Re: [Bug-wget] Unexpected result with -H and -D

2018-01-18 Thread Friso van Vollenhoven
Hi,
Thanks for confirming it's a bug. I'm currently not fluent enough in C to
provide a fix myself, but I see a patch was already posted, so I hope
that's satisfactory.

Cheers,
Friso


On Wed, Jan 17, 2018 at 3:01 PM, Darshit Shah  wrote:

> Hi,
>
> This is a bug in Wget, apparently a really old one!
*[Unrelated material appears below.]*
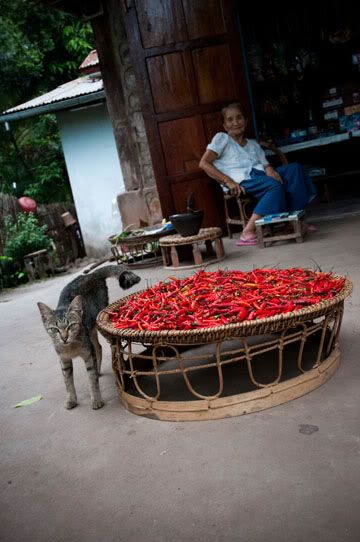 Laos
Seems like the bug has
> been
> around since atleast 1997.
>
> Looking at the source, the issue is that Wget does a very simple suffix
> matching on the actual domain and accepted domains list. This is obviously
> wrong as you have just found out.
>
> I'm going to try and implement this correctly, but I'm currently a little
> short
> on time, so if anyone else wants to pick it up, please feel free to. It's
> simple, use libpsl to get the proper domain name and match against that.
>
>
> Of course, this change will require libpsl to no longer be an optional
> dependency
>
> * Friso van Vollenhoven  [180117 14:40]:
> > Hello all,
> >
> > I am trying to do a recursive download of a webpage and span multiple
> hosts
> > within the same domain, but not cross to other domains. The issue is that
> > the crawl does extend to other domains. My full command is this:
> >
> > wget \
> > --recursive \
> > --no-clobber \
> > --page-requisites \
> > --adjust-extension \
> > --span-hosts \
> > --domains=scapino.nl \
> > --no-parent \
> > --tries=2 \
> > --wait=1 \
> > --random-wait \
> > --waitretry=2 \
> > --header='User-Agent:Mozilla/5.0 (Macintosh; Intel Mac OS X 10_13_2)
> > AppleWebKit/537.36 (KHTML, like Gecko) Chrome/63.0.3239.132
> Safari/537.36' \
> > https://www.scapino.nl/winkels/scapino-utrecht-510061
> >
> > From this combination of --span-hosts and --domains, I would expect to
> > download assets from cdn.scapino.nl and www.scapino.nl, but not other
> > domains. For some reason that I don't understand, wget also starts to do
> > what looks like a full crawl of the domain werkenbijscapino.nl, which is
> > referenced from the original page.
> >
> > Any thoughts or direction would be much appreciated.
> >
> > I am using wget 1.18 on Debian.
> >
> >
> > Best regards,
> > Friso
>
> --
> Thanking You,
> Darshit Shah
> PGP Fingerprint: 7845 120B 07CB D8D6 ECE5 FF2B 2A17 43ED A91A 35B6
>


Re: [Bug-wget] Unexpected result with -H and -D

2018-01-17 Thread Tim Rühsen
Hi,

this is not a PSL matching, so no libpsl is needed.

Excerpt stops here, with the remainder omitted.